_WHAT YOU ARE ASKED TO DO_
Whatever runs from the line with "golf carts on Isla Mujeres" to the end of the records below must be copied exactly, with nothing else included.

_INFORMATION_
====================

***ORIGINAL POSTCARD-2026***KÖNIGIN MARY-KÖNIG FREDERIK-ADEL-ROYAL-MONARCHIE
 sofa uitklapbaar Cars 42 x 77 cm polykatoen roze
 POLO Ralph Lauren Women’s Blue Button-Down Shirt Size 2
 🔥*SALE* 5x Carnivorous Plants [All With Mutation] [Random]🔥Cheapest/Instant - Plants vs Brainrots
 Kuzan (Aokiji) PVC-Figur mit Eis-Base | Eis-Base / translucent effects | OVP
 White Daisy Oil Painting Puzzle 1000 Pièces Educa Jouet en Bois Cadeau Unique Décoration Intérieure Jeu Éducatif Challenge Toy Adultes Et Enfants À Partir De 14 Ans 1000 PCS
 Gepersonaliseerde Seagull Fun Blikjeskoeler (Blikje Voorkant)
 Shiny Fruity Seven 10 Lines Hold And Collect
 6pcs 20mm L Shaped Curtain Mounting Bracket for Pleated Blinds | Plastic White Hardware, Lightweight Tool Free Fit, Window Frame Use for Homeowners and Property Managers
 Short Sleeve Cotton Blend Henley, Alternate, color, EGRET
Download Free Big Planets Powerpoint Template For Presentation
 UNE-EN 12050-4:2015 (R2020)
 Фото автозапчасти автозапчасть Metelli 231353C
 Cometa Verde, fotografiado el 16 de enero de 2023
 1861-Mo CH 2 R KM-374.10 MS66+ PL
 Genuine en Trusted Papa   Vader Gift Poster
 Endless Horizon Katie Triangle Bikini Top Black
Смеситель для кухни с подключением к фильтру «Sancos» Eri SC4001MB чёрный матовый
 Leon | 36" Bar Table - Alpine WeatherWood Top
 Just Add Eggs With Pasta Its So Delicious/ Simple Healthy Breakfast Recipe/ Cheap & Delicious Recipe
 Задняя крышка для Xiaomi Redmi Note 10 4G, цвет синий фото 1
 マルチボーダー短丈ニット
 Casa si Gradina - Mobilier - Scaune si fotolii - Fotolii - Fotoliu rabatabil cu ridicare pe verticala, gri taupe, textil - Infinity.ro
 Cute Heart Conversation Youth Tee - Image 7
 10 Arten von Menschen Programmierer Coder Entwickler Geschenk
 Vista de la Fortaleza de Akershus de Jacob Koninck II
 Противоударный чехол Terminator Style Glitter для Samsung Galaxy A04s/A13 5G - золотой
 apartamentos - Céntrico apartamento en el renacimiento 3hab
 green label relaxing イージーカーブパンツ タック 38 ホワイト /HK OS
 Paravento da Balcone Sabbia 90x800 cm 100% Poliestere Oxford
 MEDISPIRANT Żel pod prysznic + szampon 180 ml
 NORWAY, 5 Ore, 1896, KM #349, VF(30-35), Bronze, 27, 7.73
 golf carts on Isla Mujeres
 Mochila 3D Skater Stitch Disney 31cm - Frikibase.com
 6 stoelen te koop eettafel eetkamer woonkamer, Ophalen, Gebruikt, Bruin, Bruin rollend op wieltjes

====================

_RESULT OF THIS TASK_
 golf carts on Isla Mujeres
 Mochila 3D Skater Stitch Disney 31cm - Frikibase.com
 6 stoelen te koop eettafel eetkamer woonkamer, Ophalen, Gebruikt, Bruin, Bruin rollend op wieltjes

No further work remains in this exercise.